The crash happened on Interstate 229 in Sioux Falls when a car hit a deer and then was hit from behind by a second vehicle. The people in the first car sued, saying injuries were suffered because of the rear-end collision. But even though the jury found that the second car was following too closely, they didn't award any damages because they essentially found the deer was at fault.
"She was so close to the Hewitt vehicle that she could see the deer through the windshield of the Hewitt vehicle," Hewitt's attorney, Stephanie Amiotte, argued in front of the Supreme Court Monday.
Peggy Hewitt was riding with her son, Micah, when they hit a deer and then were rear ended by Shellie Rae Felderman. The attorney for Peggy Hewitt says Felderman was simply following too close and for that fact, she should have to pay some damages.
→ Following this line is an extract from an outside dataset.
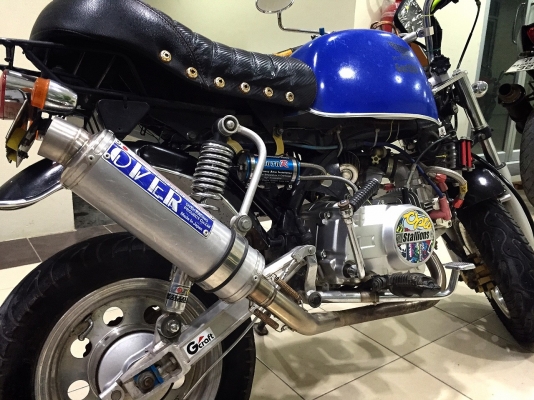 ขายกอลิล่าสตาร์เลี่ยน 125cc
Hewitt's attorney made the case in front of the South Dakota Supreme Court during its first day of the October term of court at Black Hills State University in Spearfish.
"And they found, yes, Ms. Felderman was negligent in causing the 2008 accident, but they found that this accident did not cause Ms. Hewitt any injury or damages," Felderman's attorney Melanie Carpenter said. "Even if she was following too closely, in light of this deer, she still could not have gotten stopped in time to avoid the accident."
But Hewitt's attorney says Felderman should have to pay damages or at least attorney's fees.
"In this particular case, the negligent conduct by Felderman was following too closely to the Hewitt vehicle," Amiotte said.
Hewitt's attorney wants the justices to request a new trial to figure out how much those damages should be. The justices will make a final ruling at a later date.